Custom Report Types allow you to build a framework in the report wizard, from which users can create and customize reports. You build custom Report Types off the relationships (master-detail and lookup) between objects. A primary object needs to be selected while building a Report Type and all the secondary objects are selected in a linear fashion based on the primary object. For example: if I were to select Accounts as my primary object, I can select my secondary object as Opportunity, Contact, etc (i.e. anything that has a lookup to Account) and so on. I can join up to 4 objects in a custom Report Type.

What are the current features when building a custom report type?

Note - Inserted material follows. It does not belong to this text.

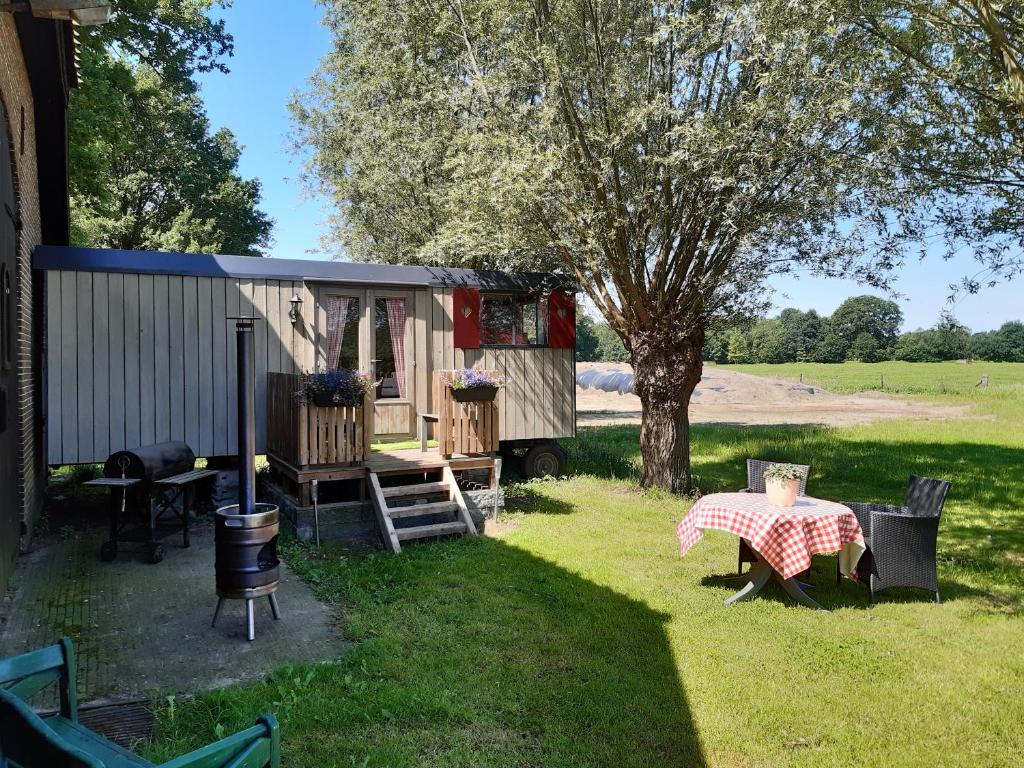 una cabaña con mesa de picnic y un árbol en Pipowagen 'klein Hoonhorst' en Putten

Now, let’s look at the parts that make up a Report Type – the objects and fields within them you want to use. Below you’ll see the options you have available to construct your custom Report Type.

  • Object Selection:
    • A user can choose which objects to display to users while creating reports and Report Types allow up to 4 object joins.
    • Define the relationship between objects.
    • Select fields from objects that can be used as columns in reports.
    • The visibility of custom Report Types in the report wizard is controlled by users’ access to objects in the Report Type.
    • Report Types are associated with categories (created and shipped with our platform).
    • A Report Type can be “in development” while an admin is working on it and later change status to “deployed” when it’s ready for use.
    • Object joins can be left outer join (A” records may or may not have related “B” records) or inner join (Each “A” record must have at least one related “B” record).
  • Field Selection
    • Each object has a separate section in the field layout section.
    • A user can create a new section and move fields there from multiple objects.
    • Sections can be rearranged we want to see them in reports.
    • Sections and fields can be renamed by double-clicking on them or clicking on “edit properties”.
  • Lookups:
    • This is the most powerful Custom Report Type feature.
    • Fields can be “added via lookups”, i.e. Account → Account Owner → Email (we can go up to 4 levels here).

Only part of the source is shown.